Loading the annotation dataset and trying to produce annotation to each row of the main dataset:
nisc = hl.read_table('file:///NISC.ht')
res = hl.struct(**{'AC': nisc[mt.row_key].info.AC[mt.a_index-1],
'AF': nisc[mt.row_key].info.AF[mt.a_index-1]})
Now, if I trigger actual computation of the struct it fails:
res.collect()
Hail version: 0.2.63-cb767a7507c8
Error summary: HailException: array index out of bounds: index=1, length=1
----------
Python traceback:
File "<ipython-input-7-b20bb2a7b3af>", line 1, in <module>
res = hl.struct(**{'AC': nisc[mt.row_key].info.AC[mt.a_index-1],
How can I see which row fails here and why?

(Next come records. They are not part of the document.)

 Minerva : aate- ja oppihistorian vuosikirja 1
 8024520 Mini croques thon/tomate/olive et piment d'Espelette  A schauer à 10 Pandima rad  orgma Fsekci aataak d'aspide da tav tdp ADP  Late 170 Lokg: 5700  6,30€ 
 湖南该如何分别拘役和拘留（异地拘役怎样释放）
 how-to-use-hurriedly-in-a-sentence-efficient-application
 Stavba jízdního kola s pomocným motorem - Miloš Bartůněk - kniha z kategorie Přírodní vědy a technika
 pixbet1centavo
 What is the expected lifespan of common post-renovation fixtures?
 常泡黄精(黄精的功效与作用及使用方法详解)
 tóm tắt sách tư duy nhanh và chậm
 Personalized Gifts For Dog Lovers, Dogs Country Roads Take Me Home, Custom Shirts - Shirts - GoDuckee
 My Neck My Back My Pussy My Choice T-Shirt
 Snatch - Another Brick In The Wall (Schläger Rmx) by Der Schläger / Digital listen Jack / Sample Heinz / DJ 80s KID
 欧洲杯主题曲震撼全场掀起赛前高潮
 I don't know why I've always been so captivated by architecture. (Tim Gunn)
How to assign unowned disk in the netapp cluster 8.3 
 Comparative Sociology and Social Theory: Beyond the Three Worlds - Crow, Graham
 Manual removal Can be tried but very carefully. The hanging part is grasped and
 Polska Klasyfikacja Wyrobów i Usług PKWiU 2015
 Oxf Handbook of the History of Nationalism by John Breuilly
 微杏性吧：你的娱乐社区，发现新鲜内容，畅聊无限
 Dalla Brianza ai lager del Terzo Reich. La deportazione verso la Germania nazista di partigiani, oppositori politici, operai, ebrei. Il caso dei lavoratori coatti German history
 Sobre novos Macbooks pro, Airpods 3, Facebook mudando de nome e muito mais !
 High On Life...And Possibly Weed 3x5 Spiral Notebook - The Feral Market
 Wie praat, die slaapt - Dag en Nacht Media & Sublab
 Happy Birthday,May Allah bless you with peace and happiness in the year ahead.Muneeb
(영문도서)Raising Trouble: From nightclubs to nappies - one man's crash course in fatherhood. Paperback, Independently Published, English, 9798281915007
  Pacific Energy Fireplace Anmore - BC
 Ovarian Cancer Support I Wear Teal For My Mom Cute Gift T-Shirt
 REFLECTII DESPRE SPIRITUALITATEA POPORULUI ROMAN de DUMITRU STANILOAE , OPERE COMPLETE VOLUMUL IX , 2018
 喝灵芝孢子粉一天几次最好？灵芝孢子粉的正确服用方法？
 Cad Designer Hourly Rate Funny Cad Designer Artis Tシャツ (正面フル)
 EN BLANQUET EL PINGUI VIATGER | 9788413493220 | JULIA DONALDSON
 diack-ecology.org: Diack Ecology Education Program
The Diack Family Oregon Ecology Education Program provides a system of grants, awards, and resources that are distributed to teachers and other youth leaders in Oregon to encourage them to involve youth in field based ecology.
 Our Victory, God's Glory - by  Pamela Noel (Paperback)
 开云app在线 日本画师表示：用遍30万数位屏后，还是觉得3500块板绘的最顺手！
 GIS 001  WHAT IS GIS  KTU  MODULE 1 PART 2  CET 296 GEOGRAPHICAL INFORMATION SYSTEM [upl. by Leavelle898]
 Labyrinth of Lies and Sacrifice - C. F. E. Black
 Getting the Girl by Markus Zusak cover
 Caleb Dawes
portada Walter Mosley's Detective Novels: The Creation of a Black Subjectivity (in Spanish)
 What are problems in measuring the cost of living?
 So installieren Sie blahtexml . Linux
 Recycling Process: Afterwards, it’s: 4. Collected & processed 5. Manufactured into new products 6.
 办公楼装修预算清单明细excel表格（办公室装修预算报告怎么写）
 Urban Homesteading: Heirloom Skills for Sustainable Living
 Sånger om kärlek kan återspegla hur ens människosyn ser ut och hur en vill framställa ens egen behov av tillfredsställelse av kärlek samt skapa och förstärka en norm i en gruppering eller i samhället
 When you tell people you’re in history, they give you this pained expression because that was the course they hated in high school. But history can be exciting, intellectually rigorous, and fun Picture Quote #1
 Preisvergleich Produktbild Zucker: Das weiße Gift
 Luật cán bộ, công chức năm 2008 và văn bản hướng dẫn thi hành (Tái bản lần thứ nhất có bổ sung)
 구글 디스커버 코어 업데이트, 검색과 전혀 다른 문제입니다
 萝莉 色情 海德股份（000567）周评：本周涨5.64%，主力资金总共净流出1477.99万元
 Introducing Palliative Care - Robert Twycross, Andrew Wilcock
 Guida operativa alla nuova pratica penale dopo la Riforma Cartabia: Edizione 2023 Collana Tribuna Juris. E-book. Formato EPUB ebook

I need to identify the row in NISC perhaps that gives the issue.
When I take another non-problematic datset cidr and run the same functions with it the output is the same (same variant positions) which is wrong because it does not have any issues with it, it runs fine.
I have also counted the number of allegedly problematic rows of mt rows with cidr (which does not have any in reality) and it is 11034 while with nisc I see 4689. So, the query - mt.filter_rows(hl.len(nisc[mt.row_key].info.AC) >= mt.a_index - 1) - does not seem to return correct results.
I verified that the number of items in the AC are 1 and a_index is 1 in these cases, so these are not problematic rows.